* _Supplied data_:
- Opening Delimiter -
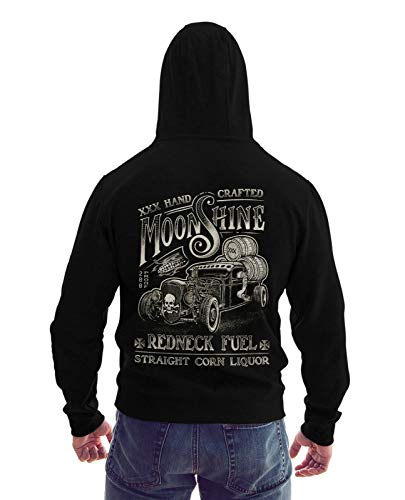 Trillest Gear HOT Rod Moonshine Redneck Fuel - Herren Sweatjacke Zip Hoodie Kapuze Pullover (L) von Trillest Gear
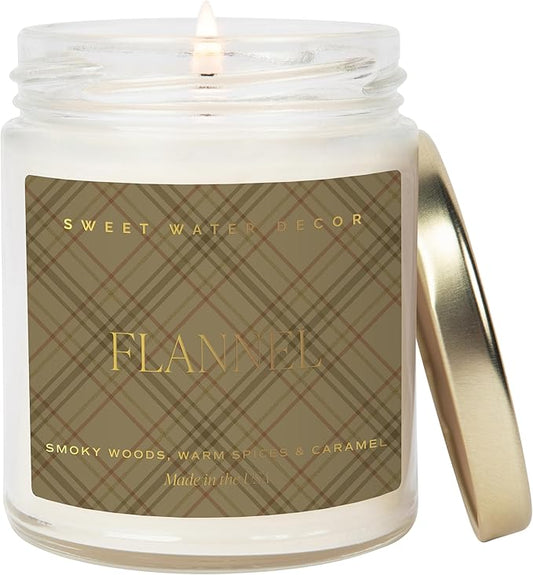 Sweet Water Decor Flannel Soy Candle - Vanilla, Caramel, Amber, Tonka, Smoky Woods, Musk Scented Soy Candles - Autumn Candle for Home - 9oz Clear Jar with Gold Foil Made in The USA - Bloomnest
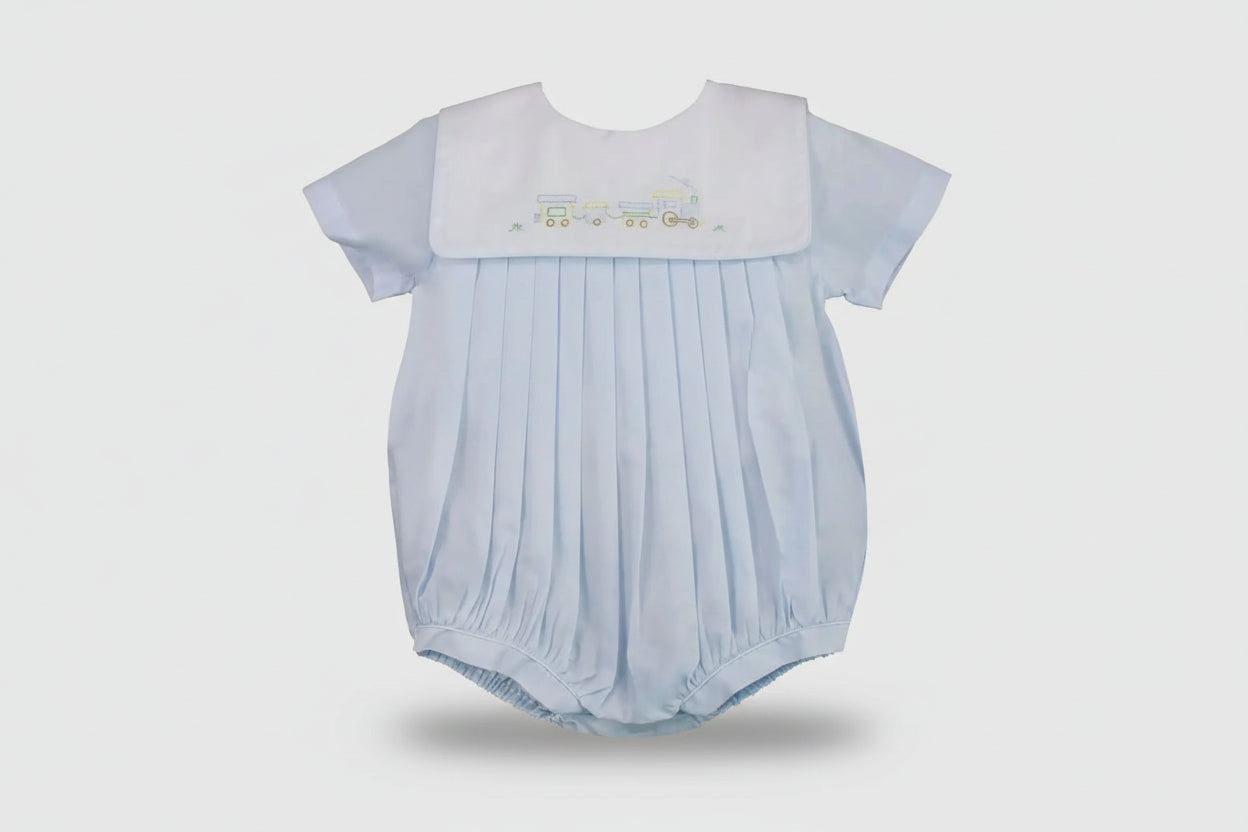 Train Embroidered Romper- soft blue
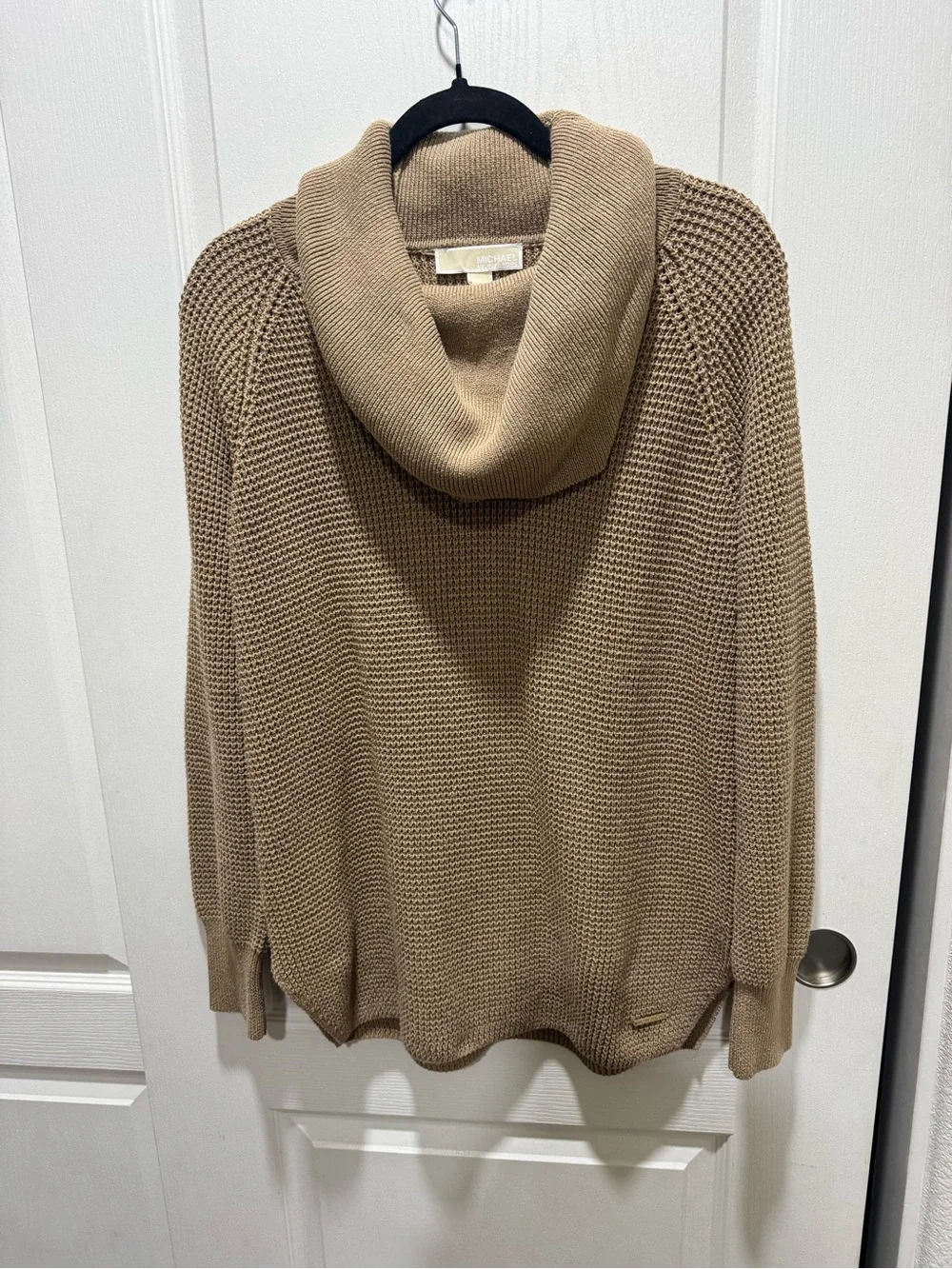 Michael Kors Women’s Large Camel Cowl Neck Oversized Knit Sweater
- Closing Delimiter -
- Opening Delimiter -
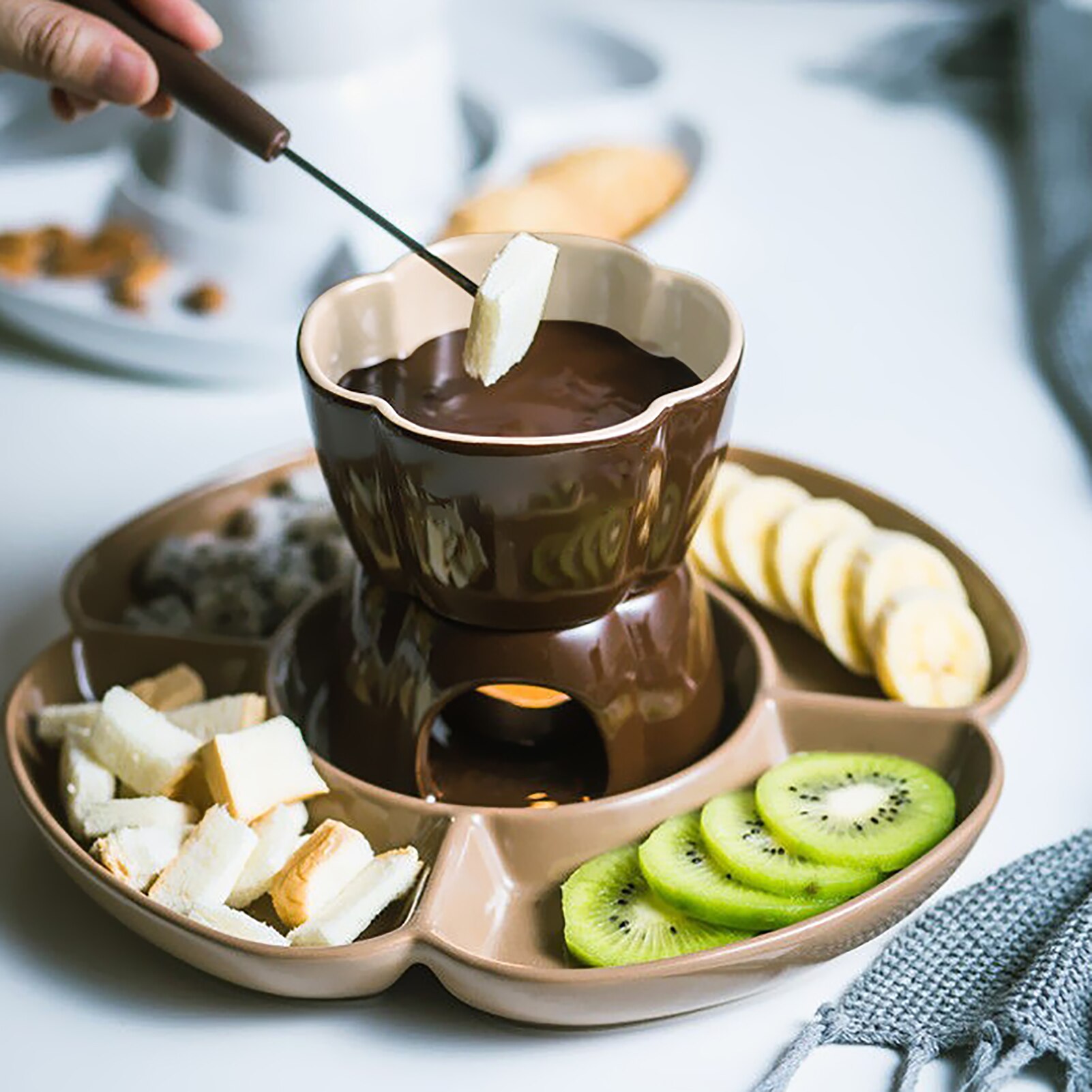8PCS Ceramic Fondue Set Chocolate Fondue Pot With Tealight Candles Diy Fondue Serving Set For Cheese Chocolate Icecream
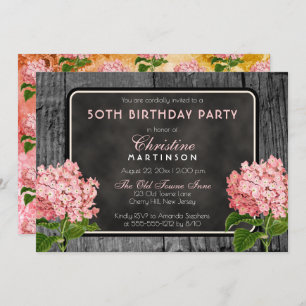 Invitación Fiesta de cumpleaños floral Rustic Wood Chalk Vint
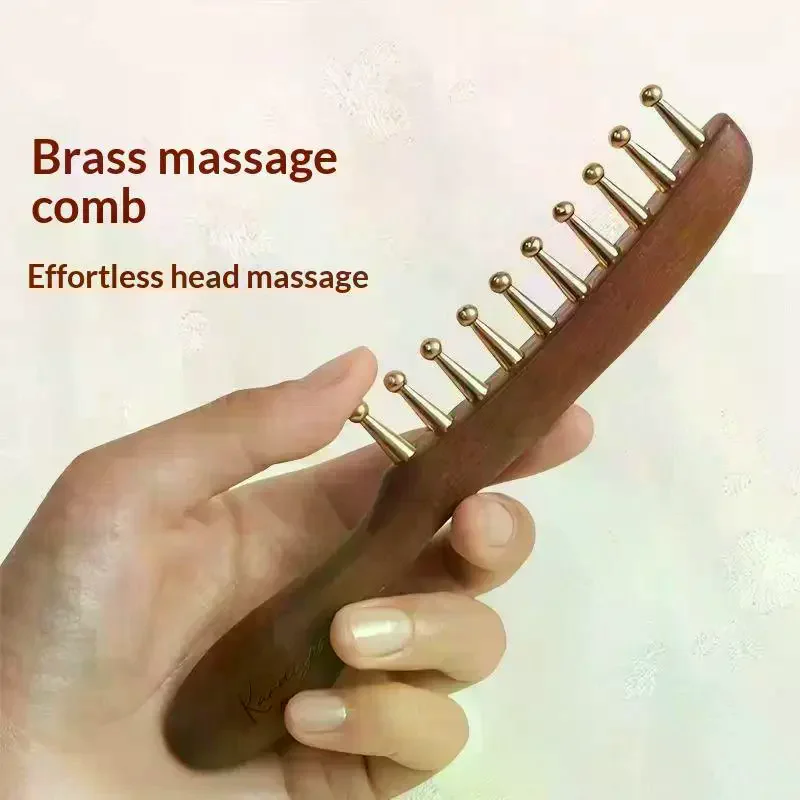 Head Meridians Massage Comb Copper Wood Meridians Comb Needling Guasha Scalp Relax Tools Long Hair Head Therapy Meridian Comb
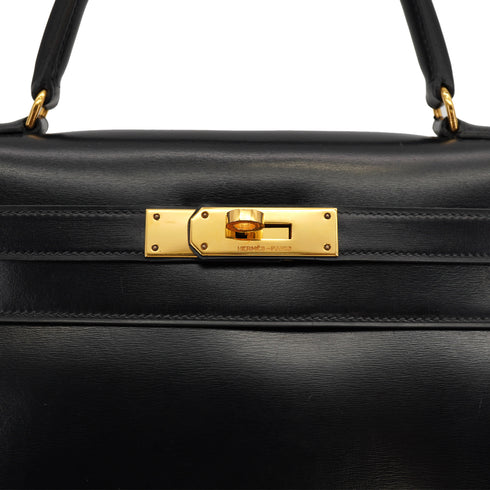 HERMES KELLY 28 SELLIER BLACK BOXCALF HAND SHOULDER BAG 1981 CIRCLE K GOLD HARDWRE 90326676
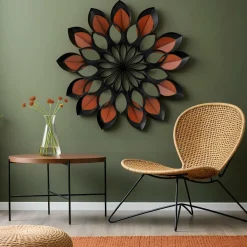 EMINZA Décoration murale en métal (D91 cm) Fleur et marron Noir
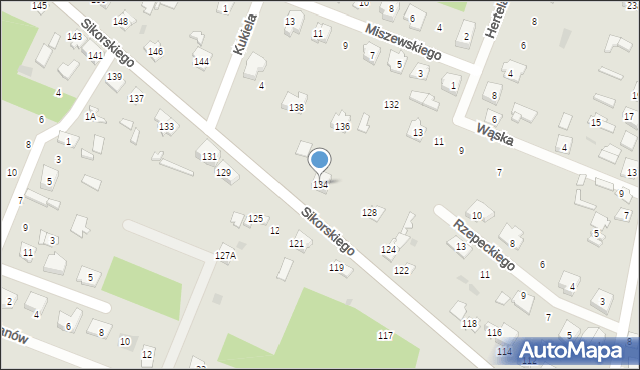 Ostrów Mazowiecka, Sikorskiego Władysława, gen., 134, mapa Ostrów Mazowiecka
- Closing Delimiter -
- Opening Delimiter -
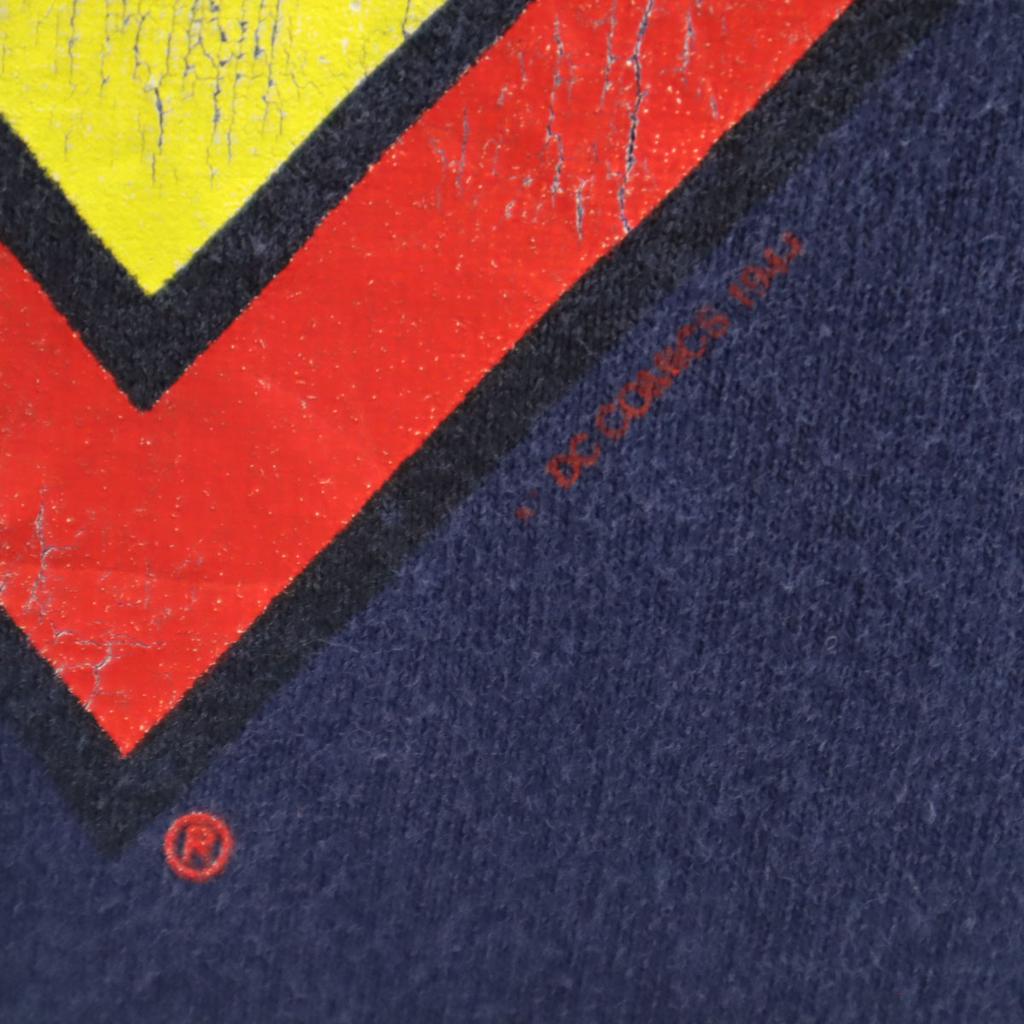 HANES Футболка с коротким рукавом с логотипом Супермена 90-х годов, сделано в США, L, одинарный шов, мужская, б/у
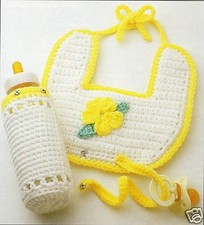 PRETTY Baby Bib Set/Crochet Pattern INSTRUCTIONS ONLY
- Closing Delimiter -
* _What is being asked_: Although the records hold pictures, the copy must not; give again exactly the lines from the one with "Trillest Gear HOT" through the one with "Michael Kors Women’s".

* _Output for this exercise_:
 Trillest Gear HOT Rod Moonshine Redneck Fuel - Herren Sweatjacke Zip Hoodie Kapuze Pullover (L) von Trillest Gear
 Sweet Water Decor Flannel Soy Candle - Vanilla, Caramel, Amber, Tonka, Smoky Woods, Musk Scented Soy Candles - Autumn Candle for Home - 9oz Clear Jar with Gold Foil Made in The USA - Bloomnest
 Train Embroidered Romper- soft blue
 Michael Kors Women’s Large Camel Cowl Neck Oversized Knit Sweater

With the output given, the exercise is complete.